Half a Million Students Lost Their Allowance in Four Years. Here's What Happened.
In 2021, nearly 600,000 students received allowances. By 2024, that number had crashed to 442,833. The story of those four years explains why university felt possible once, then suddenly didn't.
Key Figures
In 2021, 592,359 students in New Zealand received a student allowance. Three years later, that number sits at 442,833. That's 149,526 fewer students getting help to study. (Source: Stats NZ, taxable-income-sources)
To understand how we got here, you need to rewind to 2020. COVID hit. Campuses closed. But something unexpected happened: student allowance numbers jumped. From 579,438 in 2020 to 592,359 in 2021. Students stuck at home, jobs scarce, study suddenly looked like the smart move. The allowance made it possible.
Then 2022 arrived. The peak was over. Numbers dropped to 560,739. Not a collapse, but the tide had turned. Borders reopened. Jobs came back. Some students who'd enrolled during lockdown realised they'd rather work than accumulate debt.
2023 is where it gets brutal. The allowance count fell to 470,196. That's 90,543 students gone in a single year. The cost-of-living crisis was biting hard by then. Rent in Wellington and Auckland had become impossible on an allowance capped at $285.94 a week for those living away from home. Even with accommodation supplement, the maths didn't work. Students were choosing wages over degrees because they had to eat and pay rent this week, not in three years when they graduated.
By 2024, we're at 442,833. Another 27,363 students off the allowance. That's the lowest number since 2012, when New Zealand had a smaller population and fewer school leavers.
Think about what's really happening here. The allowance hasn't kept pace with rent.
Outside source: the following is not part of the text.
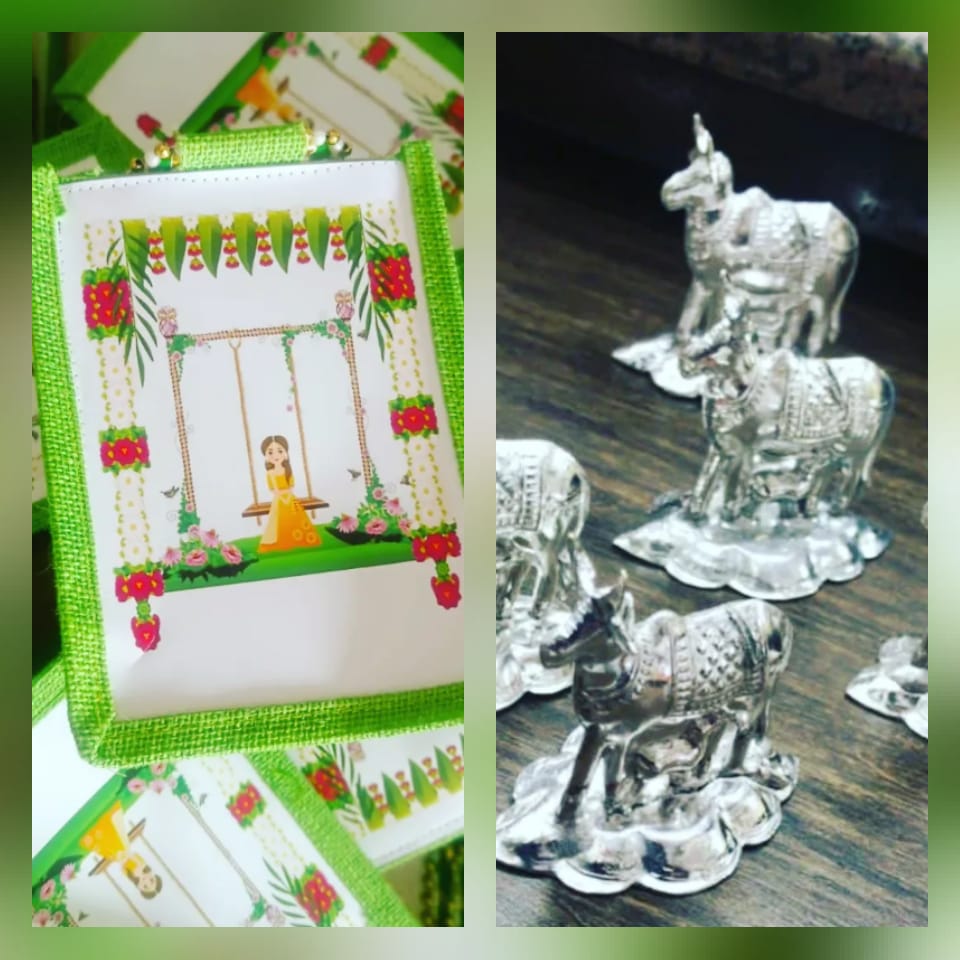 Puberty Ceremony Combo – Jute Bag (8 × 8 × 4") + 2.2" German Silver Comatha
It hasn't kept pace with food costs. A student in 2024 gets roughly the same weekly payment as one in 2018, but their flat now costs $150 more per week and their grocery bill has exploded. The allowance was meant to make study accessible. Instead, it's become a subsidy that doesn't cover the actual cost of being a student.
The students who've disappeared from this dataset didn't stop wanting an education. They stopped being able to afford one, even with government help. Some are working full-time and studying part-time, which means no allowance. Some dropped out entirely. Some never enrolled, because they looked at the numbers and knew it wouldn't work.
We've lost nearly 150,000 students from the allowance system since 2021. Every one of them made a calculation: can I afford to study? For more and more young Kiwis, the answer is no.
This story was generated by AI from publicly available government data. Verify figures from the original source before citing.